Wednesday, 14 May 2014

My Recital - Landet Som Icke Är

Wednesday the 14th of May. Today is finally the concert, TODAY IS THE DAY! I can’t believe it is finally here, the day I have been working so hard for so many months, it is here NOW!

There were still so many things left to do: I was writing the speaks for the concert hostess, my friend Meerika Ahlqvist, because I want this to be a trip to the Land Which Is Not, and she will be the guide.

She came by, also for trying on my evening dresses (as I now have several), for finding a suitable one for herself as well, because her own one ripped recently. Luckily we are about the same size, so the purple evening dress suited her perfectly!

The whole morning I would every now and then receive a mail from Tarja Reijonen, who was doing the layout of my concert programme, asking me what she  maybe could cut out, so that the programme would altogether fit onto 20 pages in the A5 format. By cutting out the English résumés of the artists (and only keeping the Finnish ones) we managed to save space. She did an absolutely wonderful job with the programme!

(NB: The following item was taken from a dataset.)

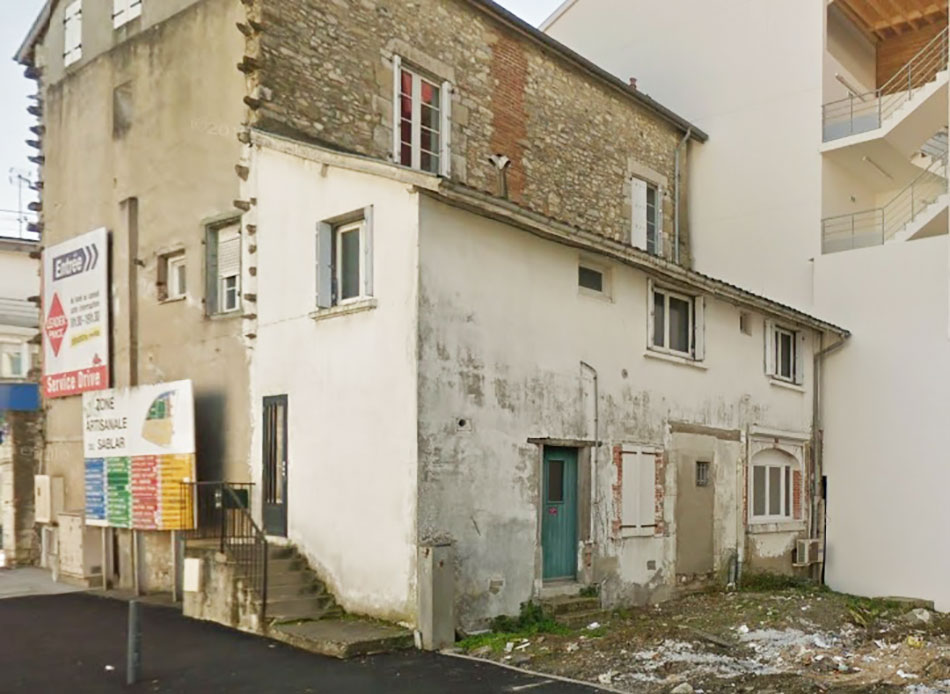 Ravalement de façade à Dax (Landes) Avant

Then it was time to shower and do hair and make up, an other 2 hour project, because I want to curl my hair today… On the way to school I passed by the kiosk for buying today's issue of  Hufvudstadsbladet, the first kiosk had already sold their only copy but in the second kiosk I managed to get hold of a copy.

The interview in Huvudstadsbladet 14.5.2014.

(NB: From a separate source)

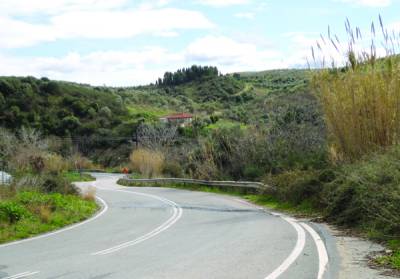 Σε κακή κατάσταση ο δρόμος για την Πύλο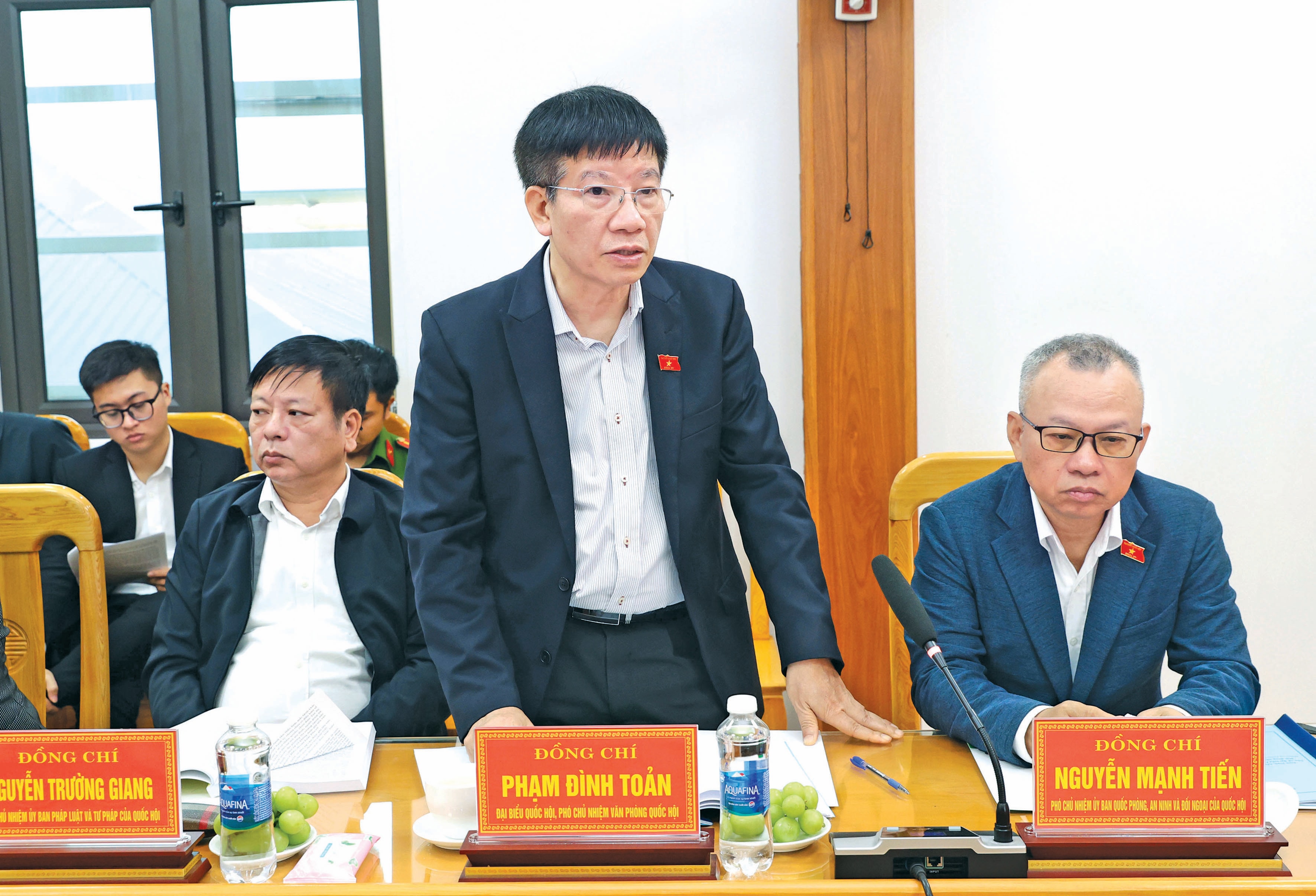 pho-chu-nhiem-van-phong-quoc-hoi-pham-dinh-toan-phat-bieu.jpg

At 15.30 I arrived at Tampere Conservatory. I was carrying an enormous and fully stuffed backpack and in addition to that a big plastic bag on each arm. I had brought the two evening dresses, my sound card, cables, make up, extra scarves and accessories if people in the orchestra had forgot to bring some (the dress code was black evening dress and a colorful accessory).

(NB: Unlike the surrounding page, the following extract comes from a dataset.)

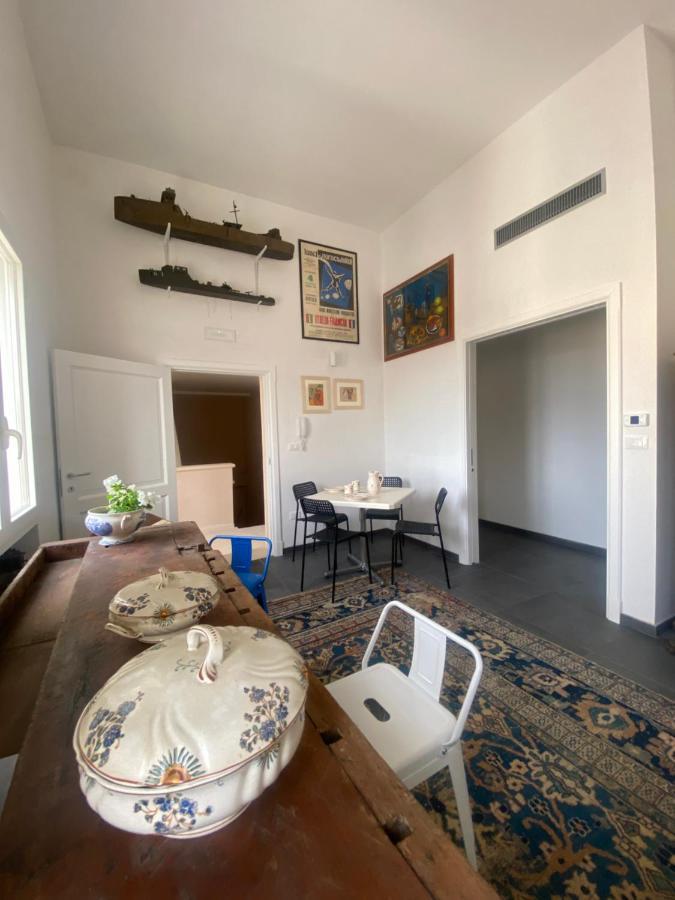 Bric A Brac Eclectic Rooms 우기아노 라 치에사 외부 사진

As soon as the venue was available, the music technician Petrus Tuisku and I at once headed in. He started putting together his microphones while I was trying to plan the lights. I had tried to get a light designer from our school, but they were all too busy and booked out so no one could come at the end, so there I was sitting and doing it my self. I wrote down every combination into the ready and neatly printed programme booklet.

My sister Jacintha arrived shortly after 16 o’clock. She will both be playing the flute in “Der Wald” and “Die Berge” and after that she will sing solo with the orchestra in my song cycle “Dagbok”. By the time she arrived nothing had yet been set up, so we didn’t have time to try out the flute and electronic pieces before the members of the orchestra already started to arrive.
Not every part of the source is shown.